-- What is being asked --
Set down the data below in full, exactly as it reads, but without the pictures.

-- Given data --

══════════════════════════════

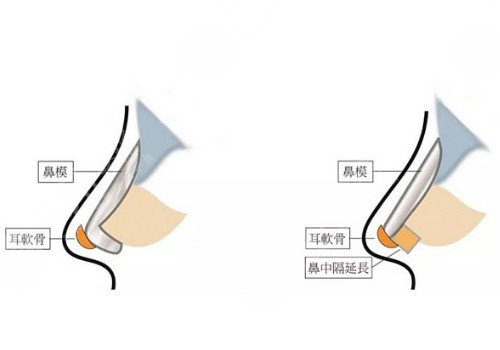自體軟骨隆鼻多少錢？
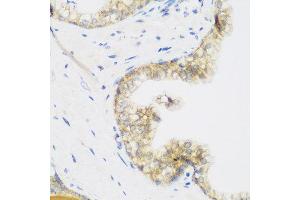 Immunohistochemistry of paraffin-embedded human prostate using KIAA1456 antibody at dilution of 1:200 (40x lens). (KIAA1456 Antikörper)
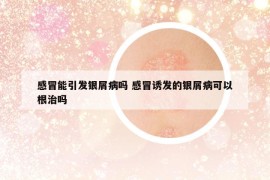 感冒能引發(fā)銀屑病嗎 感冒誘發(fā)的銀屑病可以根治嗎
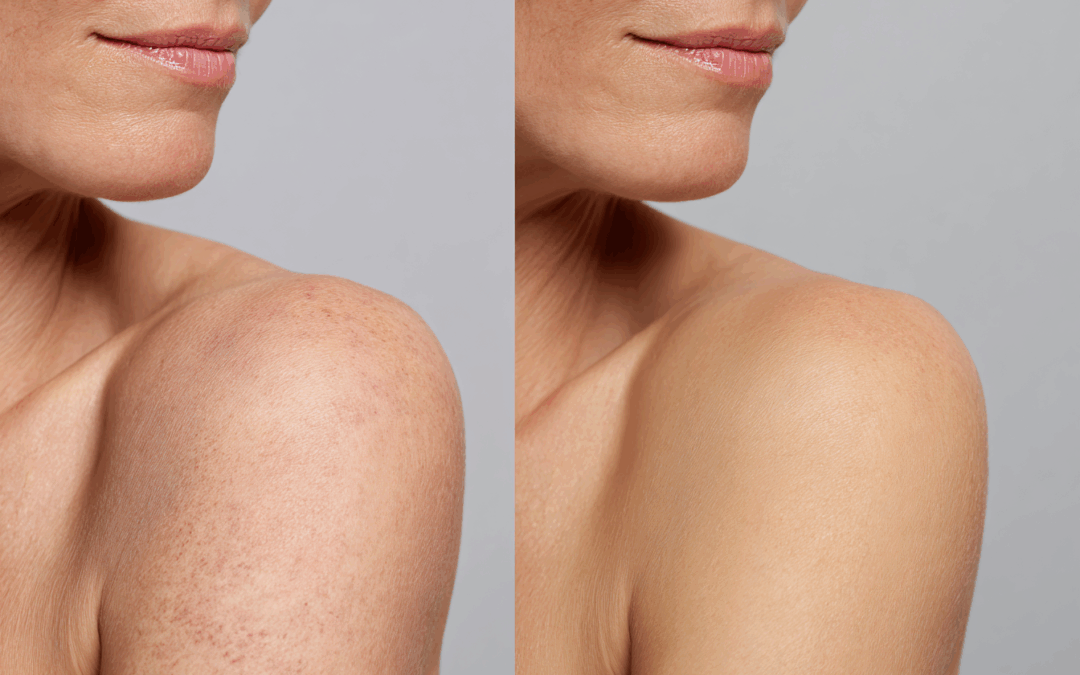 Skincare in Ecuador: A Guide to Radiant and Healthy Skin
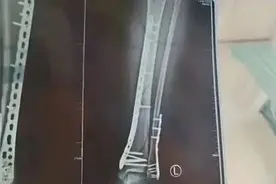 有人摔成粉碎性骨折！“又土又丑”却翻红卖爆，医生紧急提醒图片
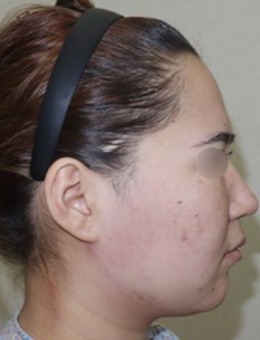 【绮林整形外科】适合与面部轮廓手术同时进行的手术方法和下颌角手术前后对比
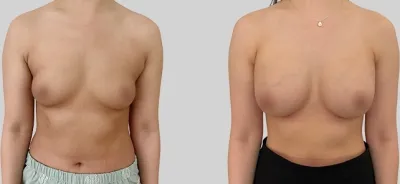 Before & After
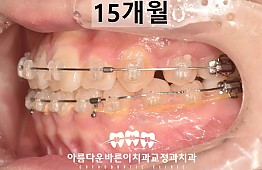 수술후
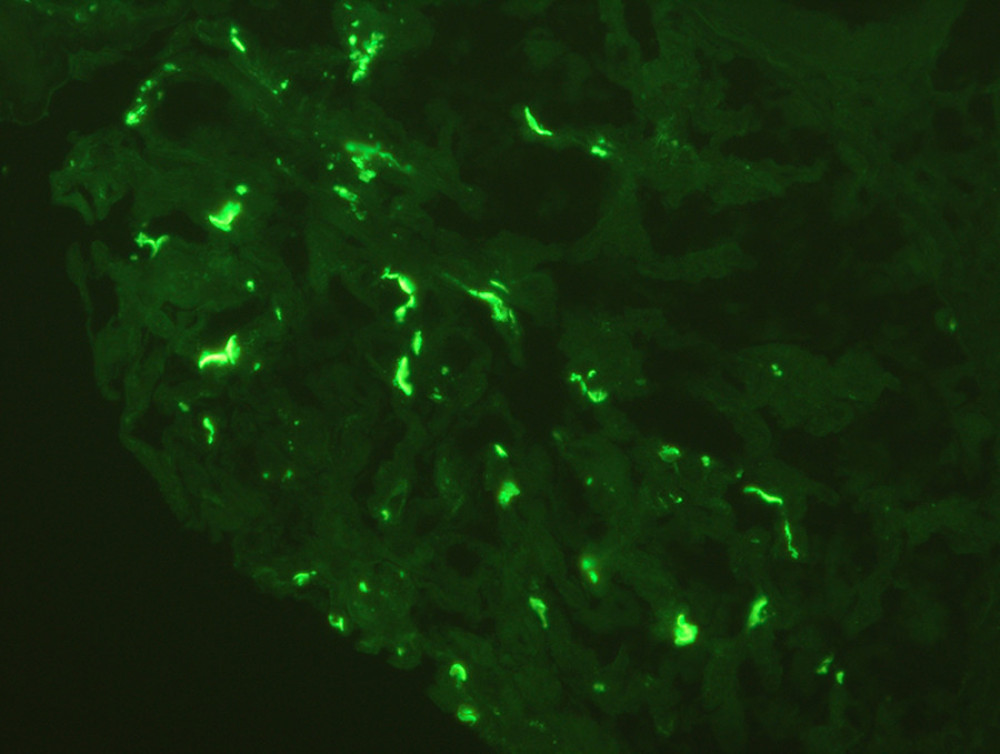 Direct immunofluorescence. 40×. C3 main deposits in mesangial area.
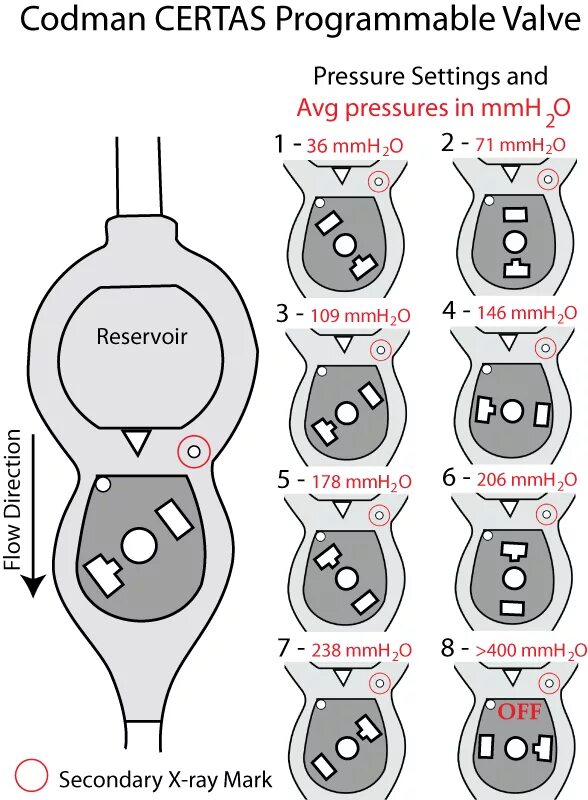 вентрикулярный программируемый шунт. люмбоперитонеальный шунт medtronic. вентрикулярный программируемый шунт. шунт medtronic вентрикулоперитонеальный.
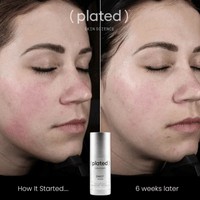 Plated Skin Science Facial Moisturizer Plated SkinScience DAILY Serum - Skin Type Solutions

══════════════════════════════

-- Written answer --
自體軟骨隆鼻多少錢？
 Immunohistochemistry of paraffin-embedded human prostate using KIAA1456 antibody at dilution of 1:200 (40x lens). (KIAA1456 Antikörper)
 感冒能引發(fā)銀屑病嗎 感冒誘發(fā)的銀屑病可以根治嗎
 Skincare in Ecuador: A Guide to Radiant and Healthy Skin
 有人摔成粉碎性骨折！“又土又丑”却翻红卖爆，医生紧急提醒图片
 【绮林整形外科】适合与面部轮廓手术同时进行的手术方法和下颌角手术前后对比
 Before & After
 수술후
 Direct immunofluorescence. 40×. C3 main deposits in mesangial area.
 вентрикулярный программируемый шунт. люмбоперитонеальный шунт medtronic. вентрикулярный программируемый шунт. шунт medtronic вентрикулоперитонеальный.
 Plated Skin Science Facial Moisturizer Plated SkinScience DAILY Serum - Skin Type Solutions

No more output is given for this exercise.